Novel Cell Therapy Candidate for Non-Hodgkin’s Lymphoma, Multiple Myeloma Gets Fast-Track Designation

Indapta Therapeutics, Inc. has announced that its novel cell therapy, which uses natural killer (NK) cells, has received Fast Track designation from the FDA.

“This designation highlights the promise of Indapta’s highly potent NK cell platform and will further accelerate clinical development of our lead drug candidate, IDP-023, for two of the largest unmet needs in B-cell driven blood cancers, non-Hodgkin’s lymphoma and multiple myeloma,” Mark Frohlich, M.D., Indapta’s CEO, stated in a Feb. 29, 2024, news release.

The FDA Fast Track process increases communication and collaboration between the FDA and the pharmaceutical developer regarding a new drug candidate. This typically allows fast-tracked drug candidates to receive expedited reviews. The process ultimately helps prioritize new treatment options available for patients with serious, difficult-to-treat conditions.

If approved, IDP-023 would become an additional therapy for the treatment of non-Hodgkin’s lymphoma and multiple myeloma, two of the most common blood cancers. Non-Hodgkin’s lymphoma and multiple myeloma are cancers of the blood. Non-Hodgkin’s lymphoma occurs in white blood cells known as lymphocytes. Non-Hodgkin's lymphoma is one of the most common cancers in the United States, with an estimated 80,000 individuals diagnosed each year. Multiple myeloma, which develops in plasma cells, affects approximately 30,000 Americans annually.

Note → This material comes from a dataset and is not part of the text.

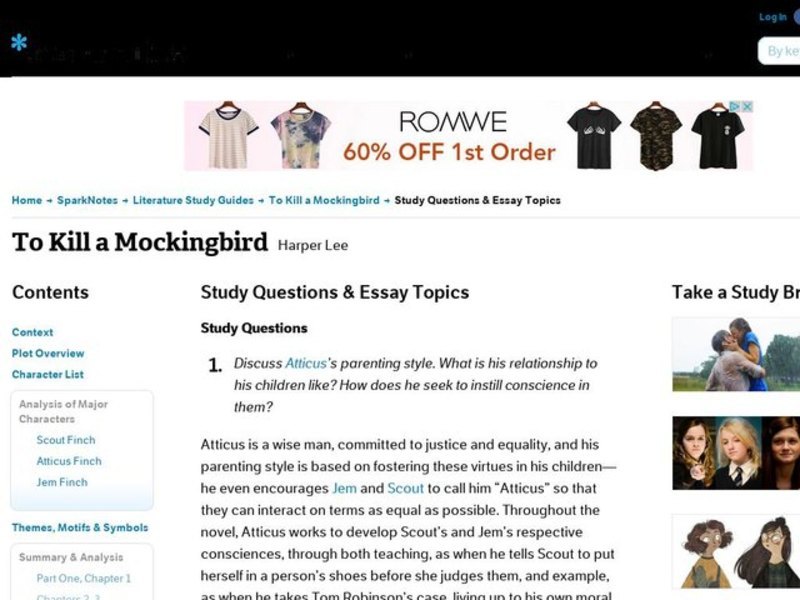 To Kill a Mockingbird by Harper Lee: Study Guide - Mini Essays Study Guide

The NK cells that IDP-023 contain are a type of immune cell. Typically, they attach to cells recognized as not belonging to the body, such as bacteria or cancer cells, and release signals that launch a widespread immune response against the foreign target. NK cells can enhance the immune response against cancer cells, particularly when used with immunologic therapies, such as monoclonal antibody agents.

IDP-023 consists of a particular type of NK cell known as a g-NK cell, which shows potential for improving the treatment of certain blood cancers. Animal studies of IDP-023 paired with a certain monoclonal antibody treatment showed a sixfold increase in antimyeloma activity compared to normal NK cell plus monoclonal antibody treatment.

Based on these results in animals, Indapta, which is based in Seattle and Houston, announced an update of IDP-023’s phase 1 trial status, with the first trial participants receiving the drug in January 2024. The trial participants will initially receive one to three doses of IDP-023 in order to establish a safe dose range. Once a potentially safe dosing regimen is identified, participants with non-Hodgkin’s lymphoma or multiple myeloma will begin receiving IDP-023 along with a monoclonal antibody treatment. Those with non-Hodgkin’s lymphoma will receive Rituxan (rituximab), while those with multiple myeloma will receive Darzalex (daratumumab).